Over the next decade, the United States stands to lose half of its teachers to retirement. Exacerbating this loss is the fact that over one third of the nation’s new teachers leave the profession within three years. So says Learning Teams: Creating What’s Next, a new report from the National Commission on Teaching and America’s Future (NCTAF). To help prevent these losses, the report argues for the development and adoption of a new approach to teacher development that mobilizes learning teams comprised of new teachers, teacher mentors, and teacher retirees.

“First time teachers have been leaving the classroom in record numbers,” said Tom Carroll, NCTAF president and author of the report. “And now we are about to be hit by a massive wave of retirements. We need to face facts and recognize that the supply of teachers is collapsing at both ends.”

According to the report, over 50 percent of the nation’s teachers and principals are Baby Boomers and nearing retirement age. Specifically, it finds that more than half of the teachers are over age fifty in eighteen states and the District of Columbia. While every state is facing an aging teacher workforce, the trend is most severe in West Virginia, where more than two-thirds of all teachers are age fifty or older.

States with the Highest Percentage of Public School Teachers Age Fifty or Older

State  Percentage of Teachers Age Fifty or Older
 West Virginia  68%
 Maine  56%
 Vermont  55%
 Montana  55%
 Indiana  54%
 North Dakota  54%
 New Mexico  54%

The upcoming retirements of Baby Boomers are only half of the problem. According to the report, over one third of the nation’s new teachers leave the profession within three years. It notes that high turnover of new teachers is an especially large problem in high-poverty schools. “A massive amount of their scarce capital—both human and financial—is consumed by the constant process of hiring and replacing beginning teachers, who leave before they have mastered the ability to collaborate with their colleagues to create a successful learning culture for their students,” it reads.
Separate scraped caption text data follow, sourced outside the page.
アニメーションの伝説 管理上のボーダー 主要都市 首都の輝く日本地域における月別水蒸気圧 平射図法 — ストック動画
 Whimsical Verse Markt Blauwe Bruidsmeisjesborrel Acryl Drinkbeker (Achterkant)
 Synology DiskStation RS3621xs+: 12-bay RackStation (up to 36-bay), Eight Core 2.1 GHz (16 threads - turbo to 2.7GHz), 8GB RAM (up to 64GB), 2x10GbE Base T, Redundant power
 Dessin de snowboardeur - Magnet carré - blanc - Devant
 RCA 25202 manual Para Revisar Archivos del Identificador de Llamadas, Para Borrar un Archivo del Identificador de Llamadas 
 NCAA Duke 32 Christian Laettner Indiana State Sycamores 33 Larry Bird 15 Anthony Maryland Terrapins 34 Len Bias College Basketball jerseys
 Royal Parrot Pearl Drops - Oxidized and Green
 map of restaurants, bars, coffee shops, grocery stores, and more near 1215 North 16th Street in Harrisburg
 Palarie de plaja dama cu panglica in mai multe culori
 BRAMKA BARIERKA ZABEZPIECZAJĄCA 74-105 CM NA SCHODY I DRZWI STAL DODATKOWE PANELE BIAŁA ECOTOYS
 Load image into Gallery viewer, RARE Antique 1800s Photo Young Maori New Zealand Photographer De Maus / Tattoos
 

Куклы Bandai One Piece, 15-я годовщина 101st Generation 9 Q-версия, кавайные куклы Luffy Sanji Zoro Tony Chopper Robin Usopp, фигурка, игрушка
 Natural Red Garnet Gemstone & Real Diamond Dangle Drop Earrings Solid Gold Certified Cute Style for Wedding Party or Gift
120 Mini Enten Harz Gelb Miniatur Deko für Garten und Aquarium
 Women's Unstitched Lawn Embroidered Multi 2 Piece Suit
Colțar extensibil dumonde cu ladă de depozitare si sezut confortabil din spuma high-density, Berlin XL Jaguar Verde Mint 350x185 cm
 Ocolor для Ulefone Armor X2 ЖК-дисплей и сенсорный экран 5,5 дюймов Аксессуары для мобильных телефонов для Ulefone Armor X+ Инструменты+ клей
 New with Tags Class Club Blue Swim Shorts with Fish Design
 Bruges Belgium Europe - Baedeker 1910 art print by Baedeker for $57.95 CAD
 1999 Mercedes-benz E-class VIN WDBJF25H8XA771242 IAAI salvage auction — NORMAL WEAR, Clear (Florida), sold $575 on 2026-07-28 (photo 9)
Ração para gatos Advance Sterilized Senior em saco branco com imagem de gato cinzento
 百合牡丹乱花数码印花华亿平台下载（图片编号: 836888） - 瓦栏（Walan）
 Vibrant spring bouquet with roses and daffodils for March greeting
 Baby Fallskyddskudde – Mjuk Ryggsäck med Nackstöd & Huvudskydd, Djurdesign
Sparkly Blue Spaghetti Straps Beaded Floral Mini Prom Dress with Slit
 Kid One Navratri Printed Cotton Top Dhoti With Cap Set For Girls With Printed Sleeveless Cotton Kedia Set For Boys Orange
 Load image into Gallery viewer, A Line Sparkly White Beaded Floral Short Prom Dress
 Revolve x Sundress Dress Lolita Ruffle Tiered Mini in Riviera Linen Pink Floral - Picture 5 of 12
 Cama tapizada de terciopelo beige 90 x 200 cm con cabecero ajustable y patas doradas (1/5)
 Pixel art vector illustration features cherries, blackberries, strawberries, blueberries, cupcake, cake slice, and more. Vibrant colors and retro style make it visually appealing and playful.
Because of this high turnover among new teachers, the report argues that the nation cannot recruit its way out of this problem. Even if states are able to lure new teachers to their schools, they will simply drain these teachers from neighboring states. “It is unlikely that any state or school district can sustain a quality teaching workforce during the next decade if they allow these waves of teacher retirements and attrition to roll over their schools,” the report reads. “The retirement tsunami won’t stop at state borders.” It adds that no recruitment strategy can capture and distribute the wisdom and collective knowledge of successful dedicated veteran teachers.

Instead, NCTAF argues that the nation needs to move beyond the notion that the stand-alone teacher can do everything and move toward collaborative learning teams composed of veteran and beginning teachers trained to share their expertise and experience with each other. “Through learning teams, we can pass on the knowledge and expertise of successful effective veteran teachers, keep them engaged in education, and enlist their support for new teachers and in transforming their schools into genuine learning organizations,” the report reads.

Carefully deploying selected veteran educators as learning team leaders can also build the strong professional learning communities that have been proven to reduce attrition rates among beginning teachers. “It is time to change the conditions that make [hard-to-staff] schools so hard to staff in the first place,” it reads. “In every story about high-performing schools that are bucking the odds to improve student achievement, a strong collaborative teaching culture is at the heart of the effort.”

Such a redesigned teacher workforce would also be attractive to veteran teachers. According to a NCTAF survey, 70 percent of teachers nearing retirement would be interested in staying if they were able to work in new education roles in “phased or flexible retirement.” Additionally, 62 percent would consider working in a different capacity in the field of education post-retirement because they “want to stay active and productive, and continue to help students.”

The report also calls for a revamping of pay systems so that length of service and years of education are not the only basis for pay increases. Instead, it argues that salaries and incentives need to be competitive in the current job market and that teachers and principals should be rewarded for teamwork that improves school performance and student achievement. It adds that states and districts need to reexamine pension provisions that push teachers in their fifties out of the workforce.

“The tradition of hiring young teachers in their twenties and expecting them to do essentially the same job for the next thirty years is a thing of the past,” the report reads. “Sustaining teachers’ growth throughout their careers calls for the creation of new roles and opportunities to support intern and apprentice teachers who develop their skills alongside more accomplished educators. These veterans in turn have ample opportunities to take on new learning challenges with the support of Millennial Age teachers who bring new skills, knowledge, and passion to their learning teams.”